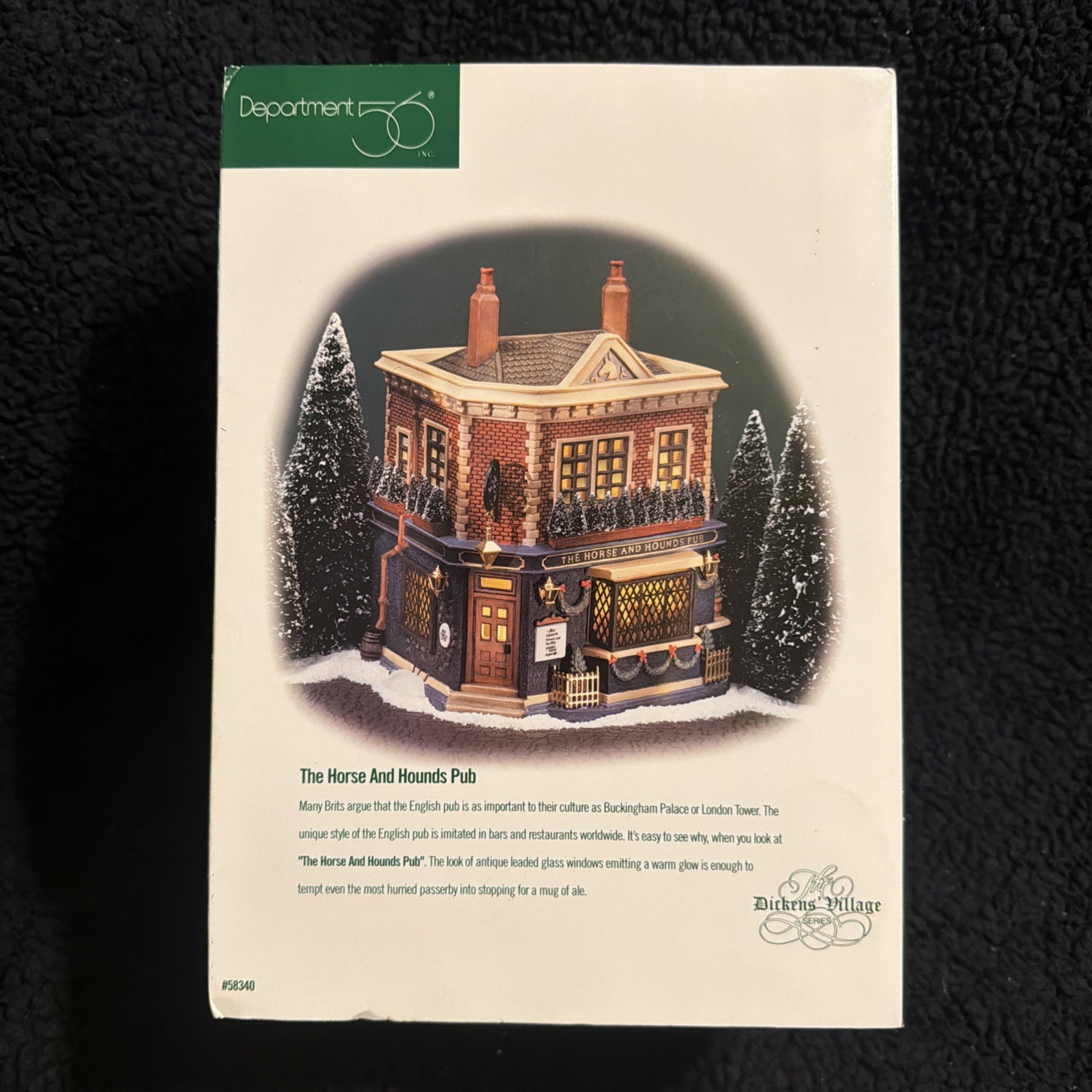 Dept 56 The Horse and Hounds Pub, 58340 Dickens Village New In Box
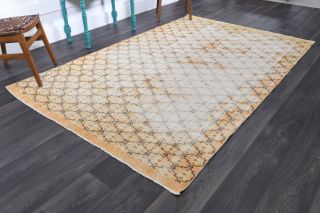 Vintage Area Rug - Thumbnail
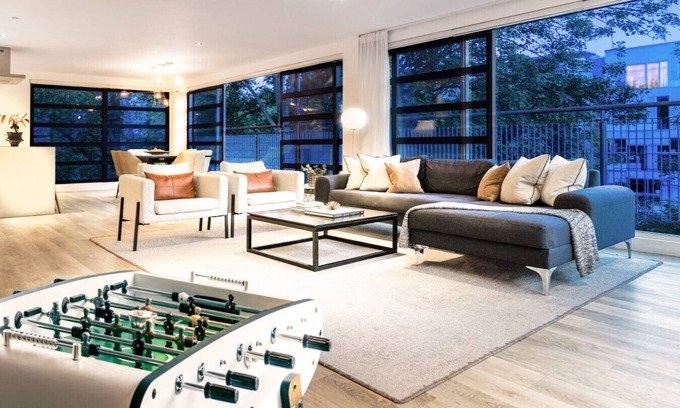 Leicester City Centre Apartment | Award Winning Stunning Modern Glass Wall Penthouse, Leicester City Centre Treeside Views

→ Work instruction
Print every line of the listing exactly, please, and leave the images out.

→ Exercise response
 Dept 56 The Horse and Hounds Pub, 58340 Dickens Village New In Box
 Vintage Area Rug - Thumbnail
 Leicester City Centre Apartment | Award Winning Stunning Modern Glass Wall Penthouse, Leicester City Centre Treeside Views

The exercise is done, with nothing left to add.